Allah SWT berfirman, "Ambillah zakat dari sebagian harta mereka, dengan zakat itu kamu membersihkan dan mensucikan mereka, dan berdoalah untuk mereka. Sesungguhnya doa kamu itu menjadi ketenteraman jiwa bagi mereka. Dan Allah Maha Mendengar lagi Maha Mengetahui" (At-Taubah [9]: 103).
Kata tuthahhiruhum dalam ayat itu bermakna membersihkan jiwa, sedangkan tuzakkihim bermakna mengembangkan harta. Karena itu, dengan ajaran zakat, ada dua manfaat yang diperoleh: jiwa menjadi suci dan harta makin berkembang, bukan terkurangi.
Makna zakat sebagai media penyucian jiwa ini pernah dibuktikan dalam sejarah Islam masa Nabi Muhammad SAW. Dikisahkan dalam riwayat Ibnu Jarir, tiga dari enam sahabat Nabi Muhammad SAW tidak ikut Perang Tabuk karena takut mati.
Mereka adalah Abu Lubabah, Aus Ibnu Khazzam, dan Tas'labah. Mereka menghadap Rasul untuk bertobat dengan membawa harta bendanya dan diserahkan kepada Rasul, sambil mengikatkan diri di tiang masjid. Mereka yakin hanya Rasul yang dapat melepaskan tali ikatan mereka di tiang masjid.

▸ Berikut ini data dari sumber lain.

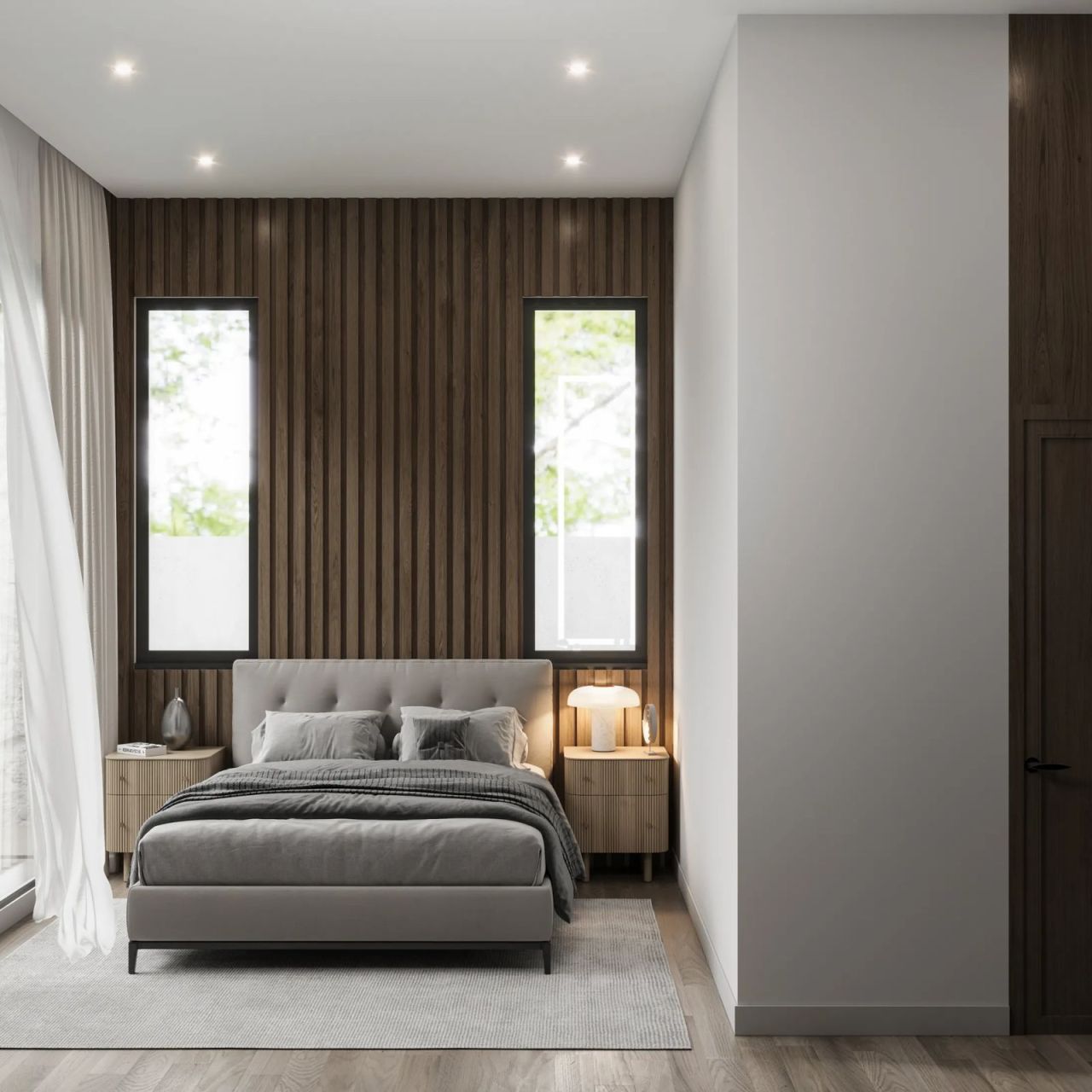 Villa en Phuket, Tailandia, 208 m² - imagen 8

Semula Rasul menolak karena belum mendapat petunjuk Allah. Baru setelah turun ayat zakat itu, Rasul membuka ikatan mereka dan menerima harta mereka. Inilah kisah zakat sebagai sarana penyucian jiwa dari segala perbuatan kemaksiatan.
Visi transformatif
Dalam tuturan Roger Geraudy, zakat merupakan bentuk keadilan internal yang terlembaga sehingga dengan rasa solidaritas yang bersumber dari keimanan itu, orang dapat menaklukan egoisme dan kerakusan diri.

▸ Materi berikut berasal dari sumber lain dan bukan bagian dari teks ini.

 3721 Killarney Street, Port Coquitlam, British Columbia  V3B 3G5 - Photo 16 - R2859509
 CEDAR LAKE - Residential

Ia tidak sekadar menjangkau hubungan teologis dengan Tuhan, tetapi juga merefleksikan kehidupan sosial. Parameternya adalah, orang yang memiliki kesadaran hidup transendental (dekat dengan Tuhan) seharusnya merefleksi ke dalam kesadaran horizontal, seperti peduli terhadap masyarakat sekitar.

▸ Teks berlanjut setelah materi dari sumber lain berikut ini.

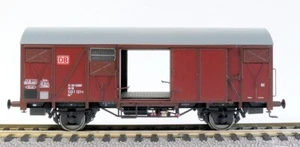 Exact-train H0  EX21054 Gesellschaft: DB Epoche: V  NEU & OVP - Imagen 1 de 1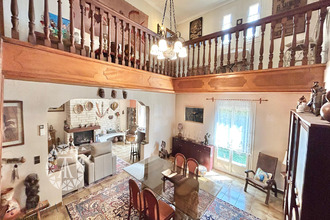  maison saleilles 66280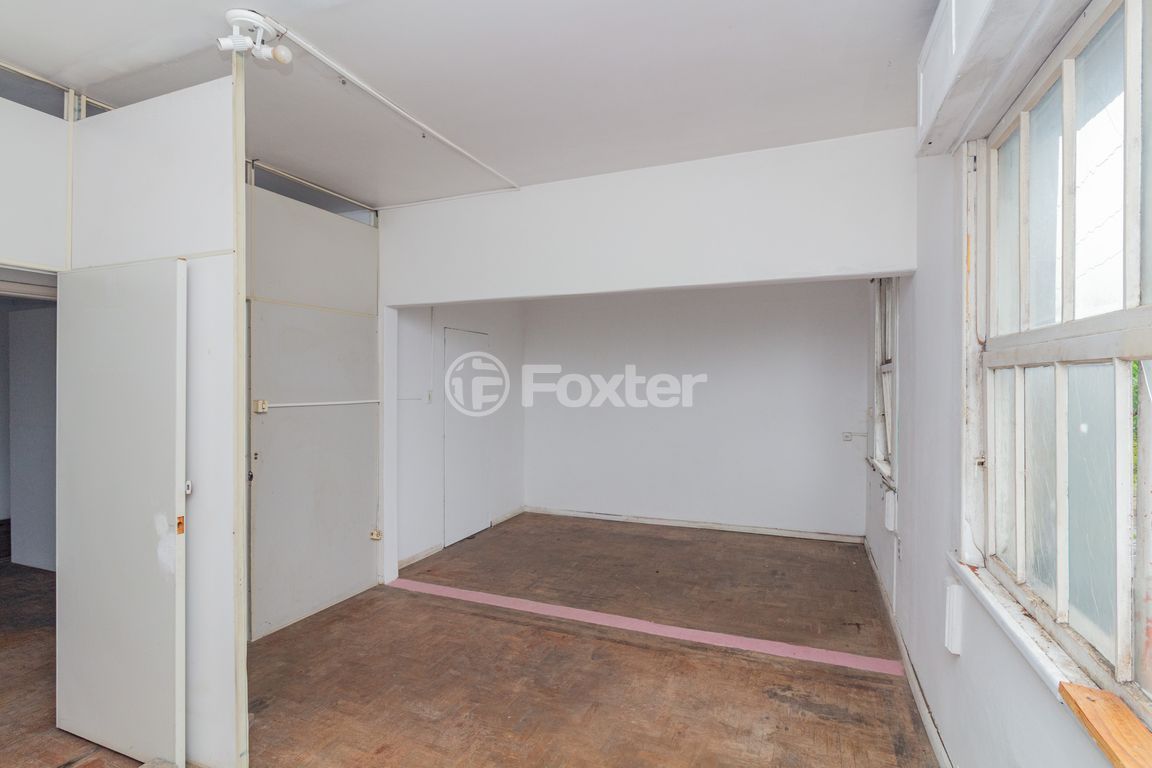 Apartamento para comprar em Vinte e Cinco de Julho, 16 - foto 7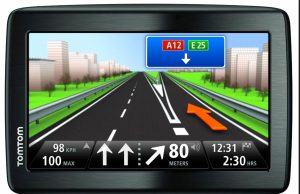 Scusi, un’informazione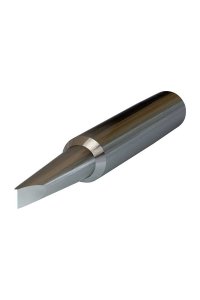 Weller WLTS24IR60 3lü 2.4mm Keski Havya Ucu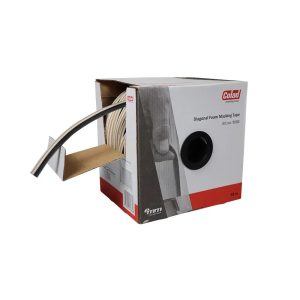 COLAD Diagonāles formas porolona lente 38m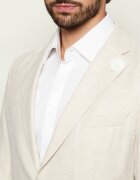 BOSS Black Sacou C-Hanry-252 | Slim Fit cu adaos de lână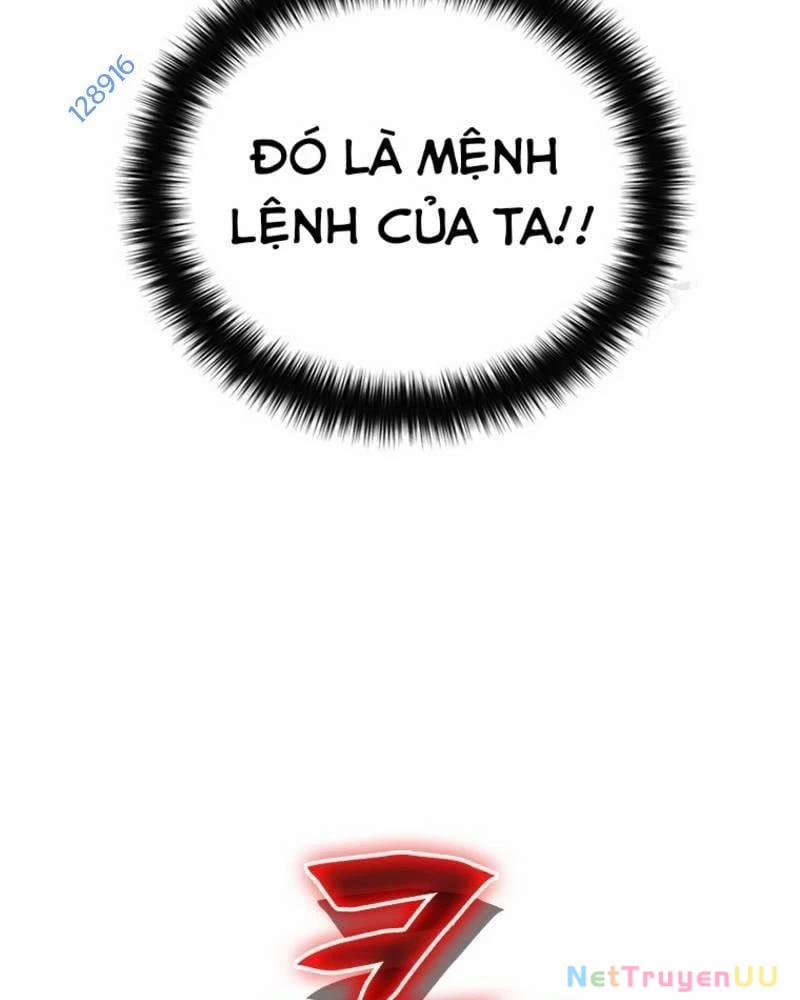 Vô Địch Vạn Quyền, Bất Khả Chiến Bại 48 trang 124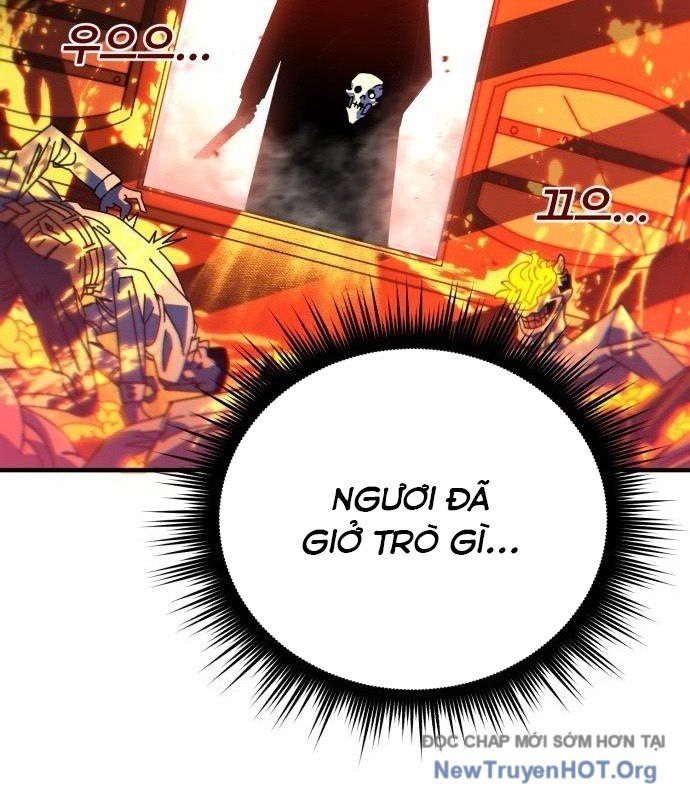 Vincent Siêu Phàm - Chapter 2 - Page 174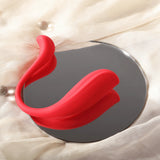 Svakom Phoenix Neo 2 Couple's Vibrator with APP Remote Control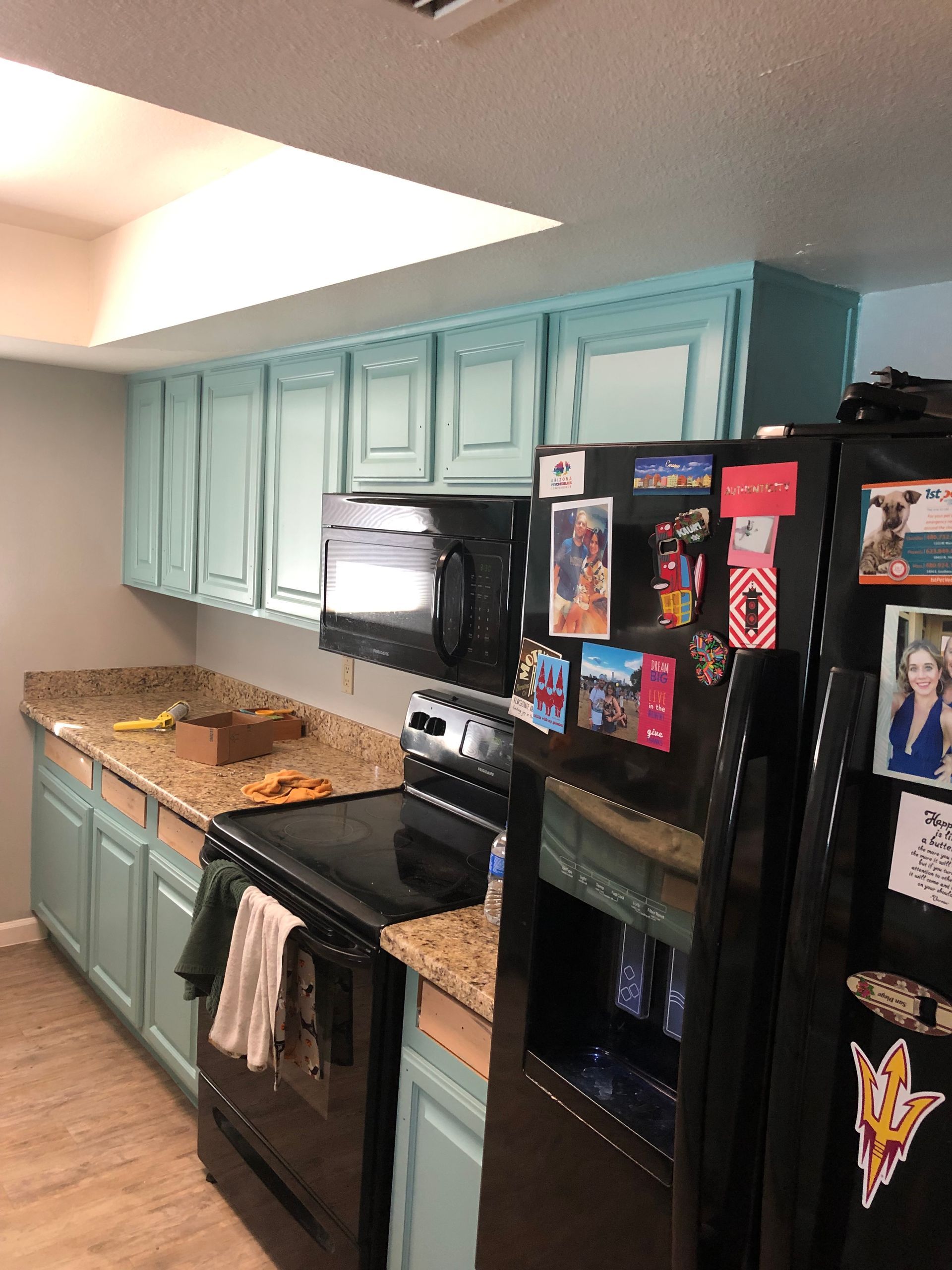 Drywall and Painting Contractors in Phoenix, AZ Drywall and Painting Contractors in Phoenix, AZ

Di tengah situasi bangsa yang masih terpuruk saat ini dengan kehidupan masyarakat yang amat menyedihkan secara ekonomi, zakat menjadi dimensi ibadah yang penting. Zakat dapat diberdayakan untuk mendorong perbaikan kehidupan masyarakat.
Itu sebabnya, bukan persoalan zakat dikelola negara atau tidak, tetapi bagaimana zakat itu bisa bermakna ''transformatif'', menjangkau seluruh kehidupan masyarakat fakir-miskin, bukan menjadi perebutan para pengelola. Harus diingat, prioritas zakat diberikan kepada fakir-miskin bukan para pengelolanya (amil zakat). Inilah yang kita khawatirkan, dana zakat yang begitu besar hanya dimanfaatkan oleh mereka yang secara agama tidak berhak menerimanya.
Oleh karena itu, zakat harus bisa dijadikan sarana transformasi masyarakat menuju kehidupan yang berkeadilan dan seimbang secara ekonomi. Sebab, zakat dapat dijadikan modal untuk memperkuat civil service, yang salah satu cirinya adalah independensi. Artinya, suatu gerakan (institusi) yang tidak tergantung kepada negara/pemerintah.